━━━━━ Data segment ━━━━━

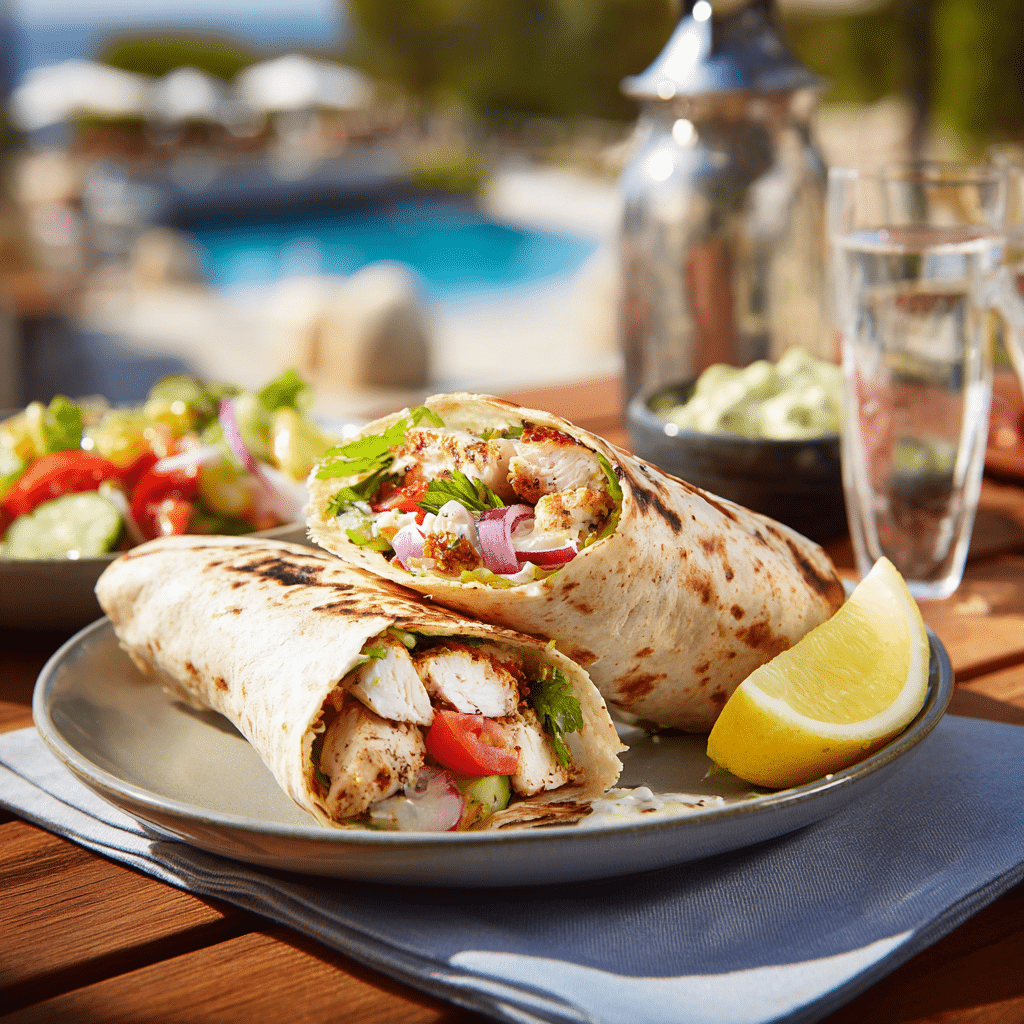 Served Mediterranean grilled chicken wrap with salad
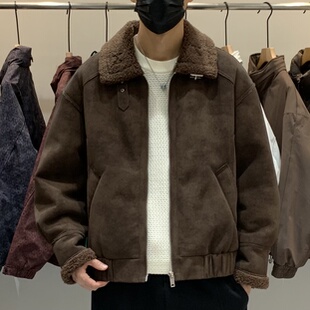 复古机车加厚保暖棉衣 男翻领颗粒绒皮毛一体百搭潮流美式 冬季 韩版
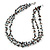 3 Strand Hematite Glass Bead, Sea Shell Nugget Wired Necklace In Silver Tone - 48cm L - view 6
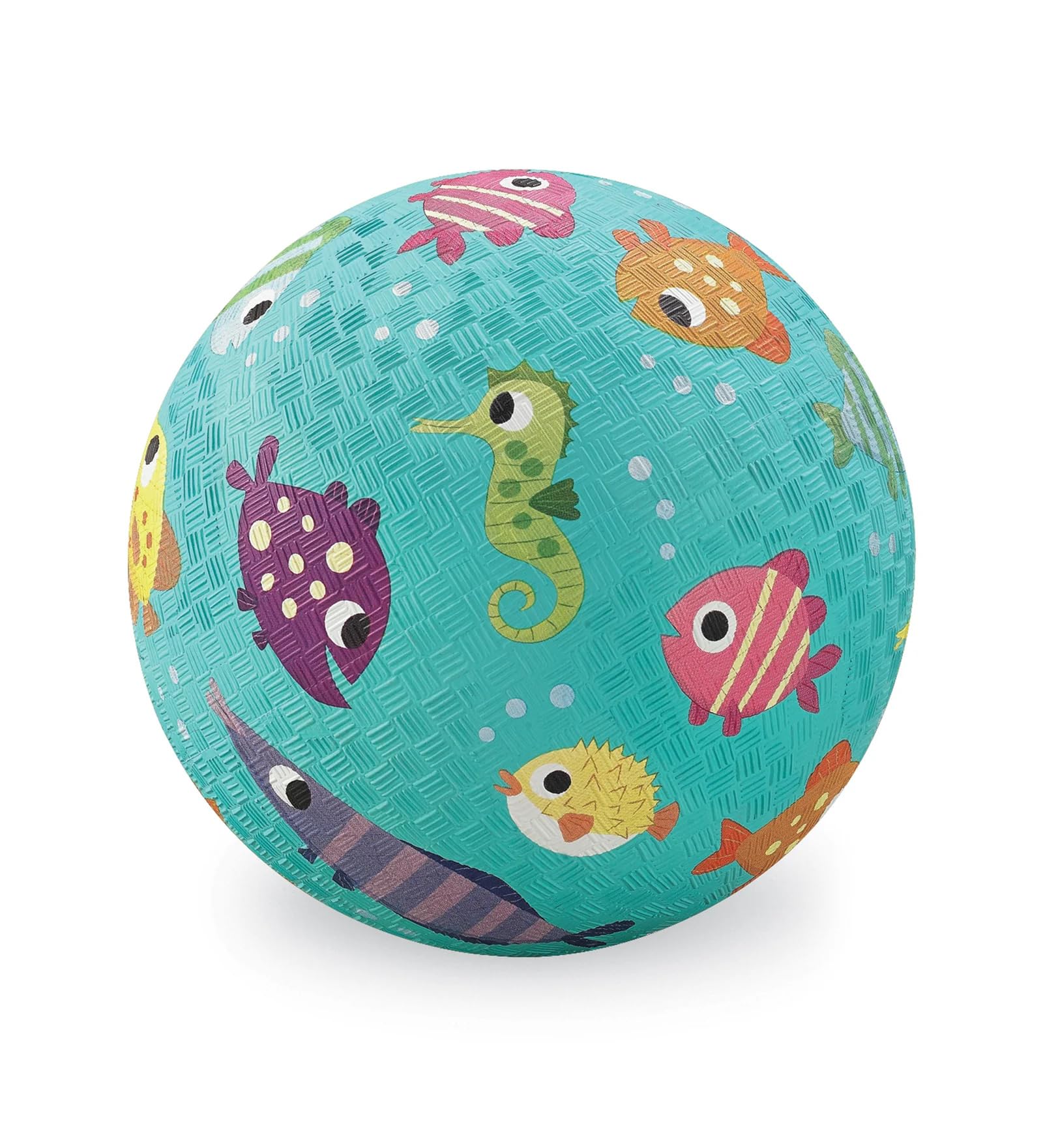 Crocodile Creek Small Rubber Playground Ball 7” Size - For Kids 3 Years and Up - Ships Inflated & PVC-Free - Durable Design for Indoor, Outdoor Games and Active Sports - Fish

━━━━━

**Task to carry out:**
Starting at the top of the listing above, reproduce each line up to and including the one with "3 Strand Hematite"; omit the pictures.

**Solution to this task:**
 Served Mediterranean grilled chicken wrap with salad
 复古机车加厚保暖棉衣 男翻领颗粒绒皮毛一体百搭潮流美式 冬季 韩版
 3 Strand Hematite Glass Bead, Sea Shell Nugget Wired Necklace In Silver Tone - 48cm L - view 6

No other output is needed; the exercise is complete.